NIPS 2017
Mon Dec 4th through Sat the 9th, 2017 at Long Beach Convention Center
Paper ID:3167
Title:Learned in Translation: Contextualized Word Vectors

Reviewer 1


		
This paper proposes to pretrain sentence encoders for various NLP tasks using machine translation data. In particular, the authors propose to share the whole pretrained sentence encoding model (an LSTM with attention), not just the word embeddings as have been done to great success over the last few years. Evaluations are carried out on sentence classification tasks (sentiment, entailment & question classification) as well as question answering. In all evaluations, the pretrained model outperforms a randomly initialized model with pretrained GloVe embeddings only. This is a good paper that presents a simple idea in a clear, easy to understand manner. The fact that the pretraining helps all tasks across the board is an important finding, and therefore I recommend this paper for publication. Are the authors going to release their pretrained models? The authors should cite https://arxiv.org/pdf/1611.02683.pdf, where the encoders are pretrained as language models.

Reviewer 2


		
This paper explores the use of attention based sequence to sequence models for machine translation to pretrain models for other tasks.

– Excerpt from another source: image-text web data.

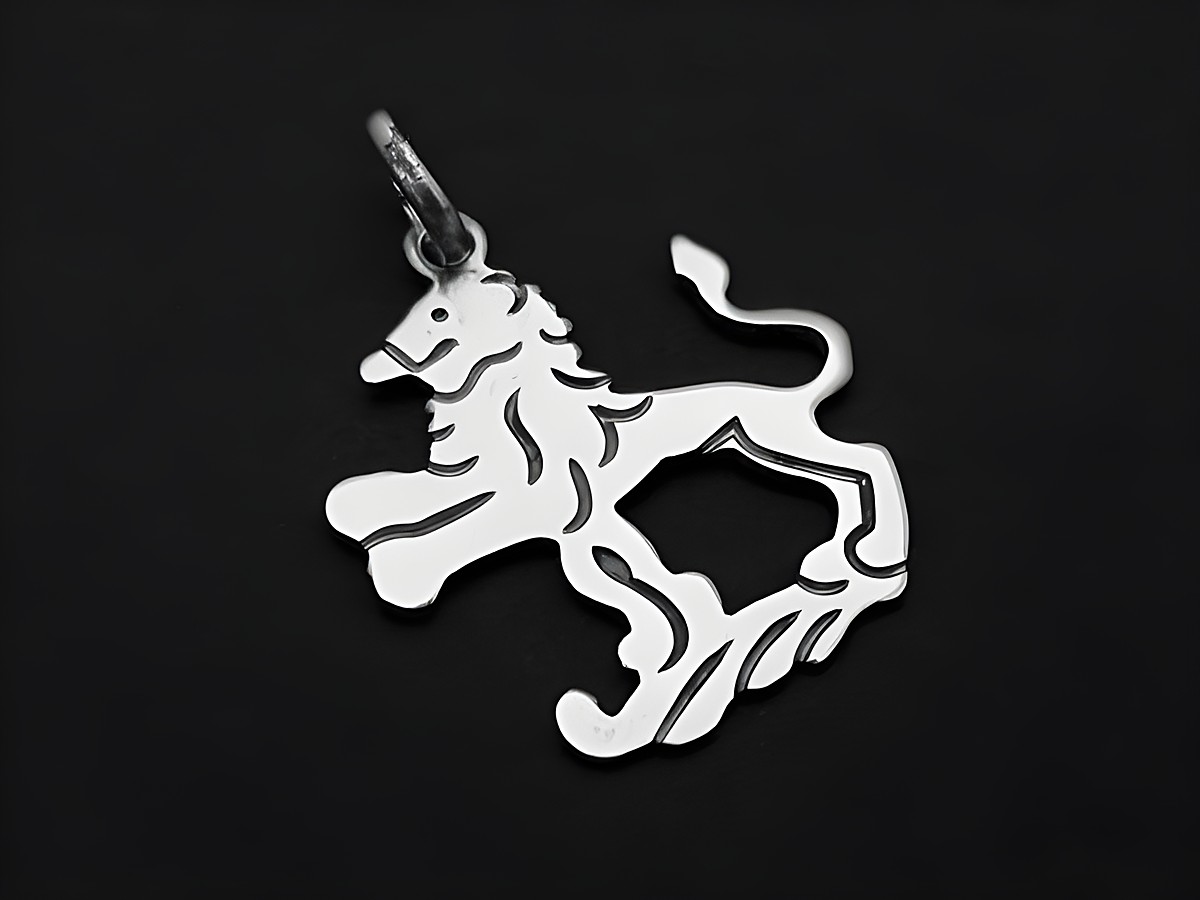 Löwe Anhänger aus 925 Sterling Silber, plastisch gestaltet, Hersteller Juwelier Harnisch, ideal für Schmuckliebhaber und als Geschenk für Löwen-Geborene.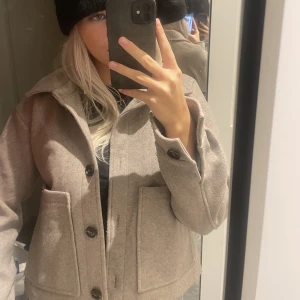 Melida  - Kaffe kappa i modellen Melida Jacket i storlek 38. Nypris 999kr och slutsåld. Hör av er för fler bilder eller om ni har frågor💕
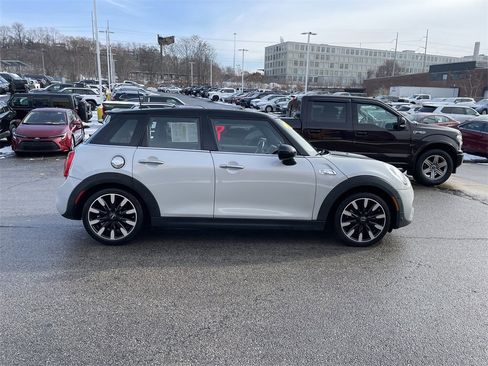 Used 2015 MINI Cooper S image 7
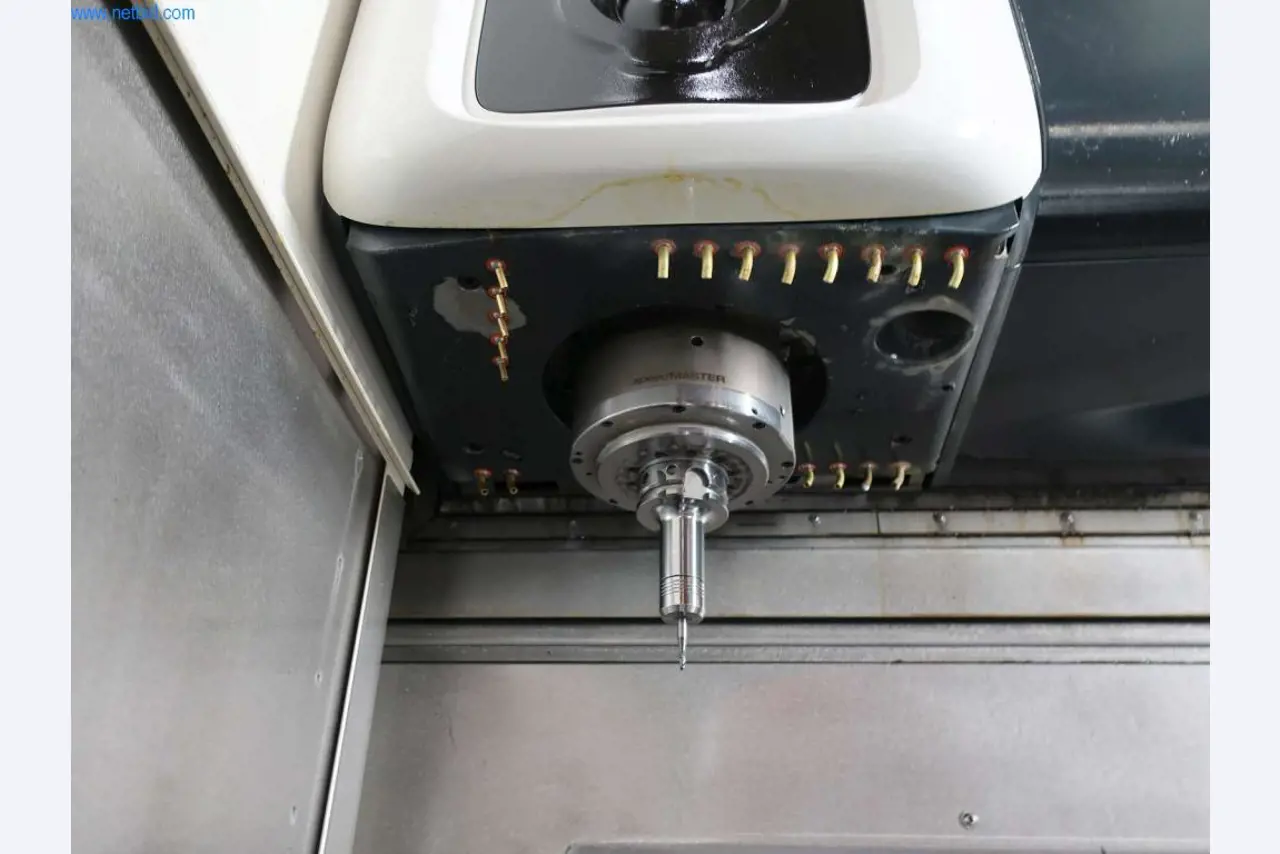 Sistemas de fundição injectada (alumínio) 1.100 - 1.350 t,
Processamento mecânico, fabrico de ferramentas
-19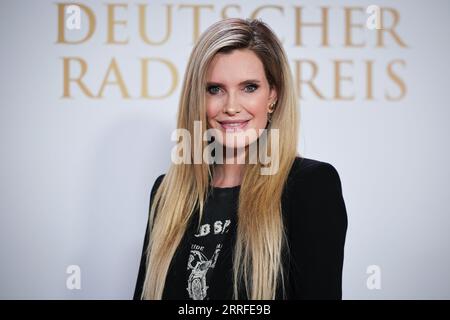 Amburgo, Germania. 7 settembre 2023. Mirja du Mont arriva sul Red Carpet per il 14° German radio Awards al Neue Flora. Credito: Christian Charisius/dpa/Alamy Live News Foto Stock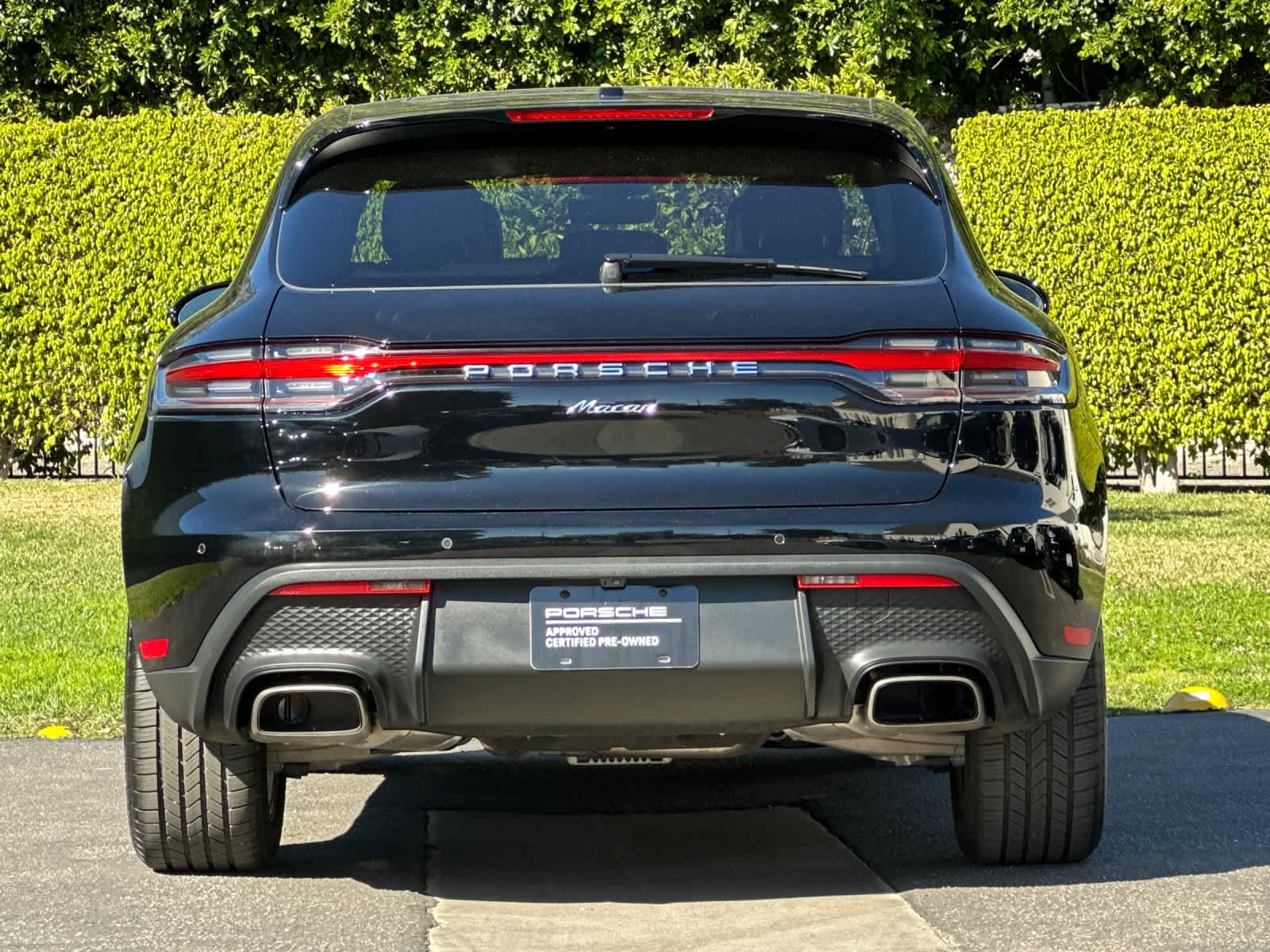 Thumbnail: 2025 Porsche Macan - 7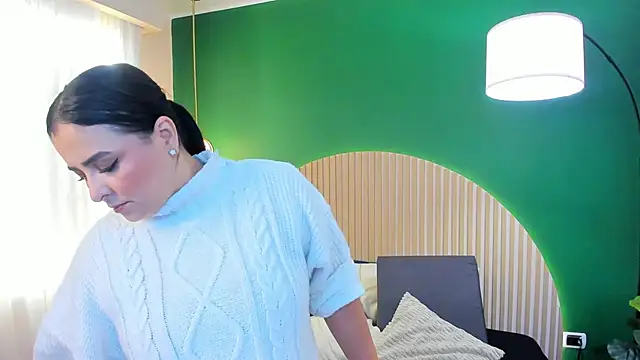 taylor bennet online show from 19, 12, 2025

The author evaluated their methods on a wide range of tasks (entailment, sentiment, question classification and question answering). Their results showed consistent improvements over the baselines. Overall, this paper is well written and the idea is interesting. In my opinion, the contributions of this paper are expected (moving from pretrained word embeddings to pretrained sentence embeddings) but important for sentence classification. I have the following suggestions to improve the paper: - The authors should have a better explaination why the performance could not be improved for the entailment task while increasing the amount of MT training pairs. - From my experiences, I always expected to see improvements using character n-gram embeddings. Why is that not the case in this paper?

Reviewer 3


		
The paper proposes uses to reuse the weights of an LSTM that was trained as a part of a neural machine translator to initialize LSTMs trained for downstream tasks. The approach brings improvement on classification, semantic entailment recognition and question answering tasks. The paper is clearly written and easy to understand. The evaluation is exhaustive and convincing. The paper is solid and should be accepted. A few suggestion for improving the paper even further: - I think it would be better to use smaller subsets of the largest MT dataset available instead of using three different datasets. This way the influence of domain mismatch and the amount of data available would be disentangled. - it would be great to see a comparison with a skip-thought-trained LSTM and with an LSTM that was pretrained as a language model. - I encourage the authors to release their evaluation code to fascilitate the research on trasfer learning for NLP.